例えば、以下のようにすることで、一度だけイベントを拾う関数を簡単に作成することができます。

function onceItemUse(ev) {
    // 処理
    
    world.afterEvents.itemUse.unsubscribe(onceItemUse); // イベントの解除
}

world.afterEvents.itemUse.subscribe(onceItemUse); // イベントの登録

実行したときに処理と同時にイベントの登録の解除をするような構造ですね。

応用として、subscribe()は返り値として、引数に入れたコールバック関数を返すので、以下のようにイベントの解除を記述することも出来ます。
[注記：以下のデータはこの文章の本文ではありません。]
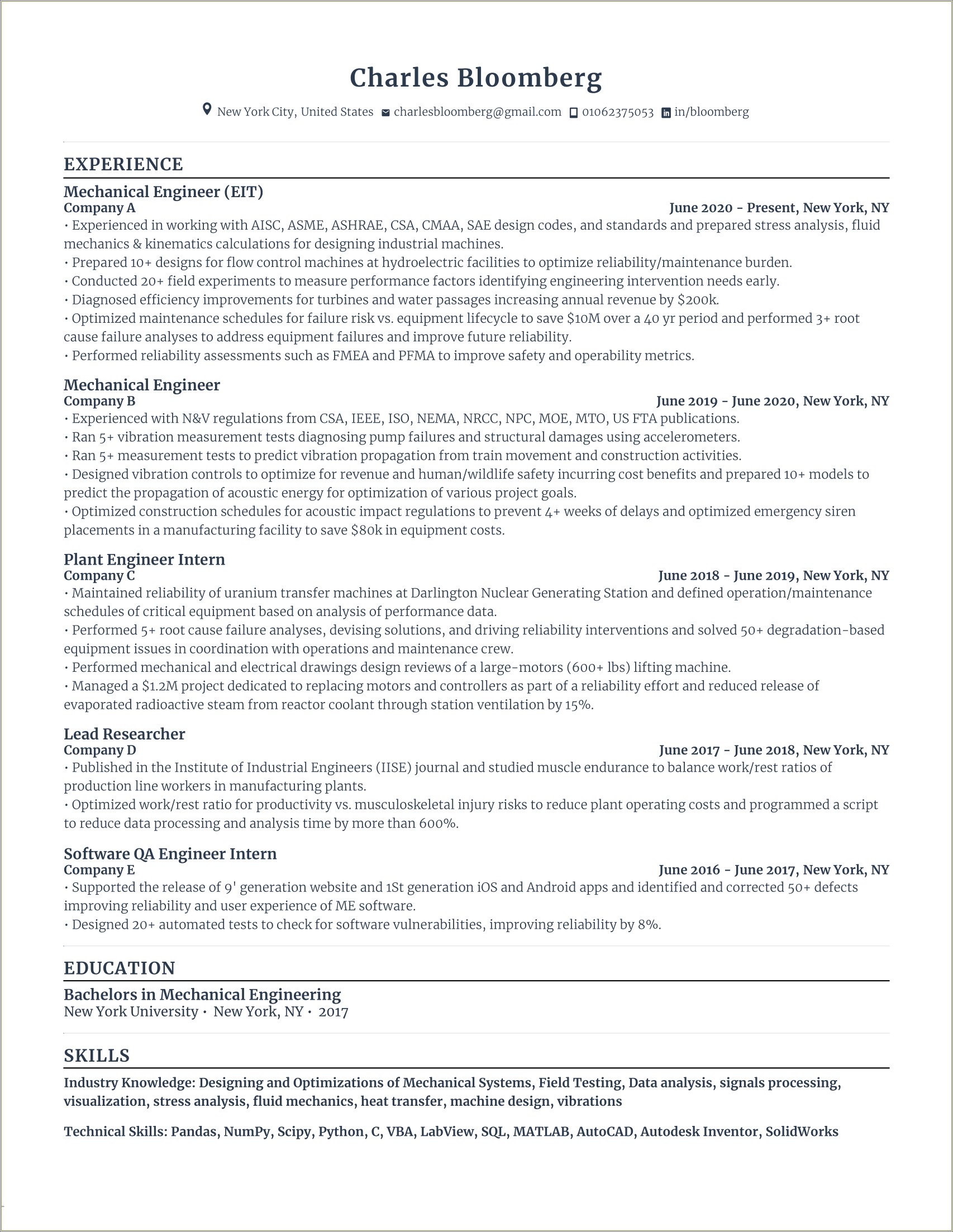 Is Labview Good To Have On Resume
const itemUse = world.afterEvents.itemUse.subscribe((ev) => { // イベントの登録
    // 処理
    
    world.afterEvents.itemUse.unsubscribe(itemUse); // イベントの解除
});

最後に

今回は、ScriptAPIにおいてイベントとは何か?を中心として紹介しました。
この記事を参考にイベントの扱いについて少しでも理解して頂けたら、とても幸いです。
冒頭にも記述した通り、次回以降はどのようなイベントがあるのかを紹介していきます。
今後ともよろしくお願いいたします。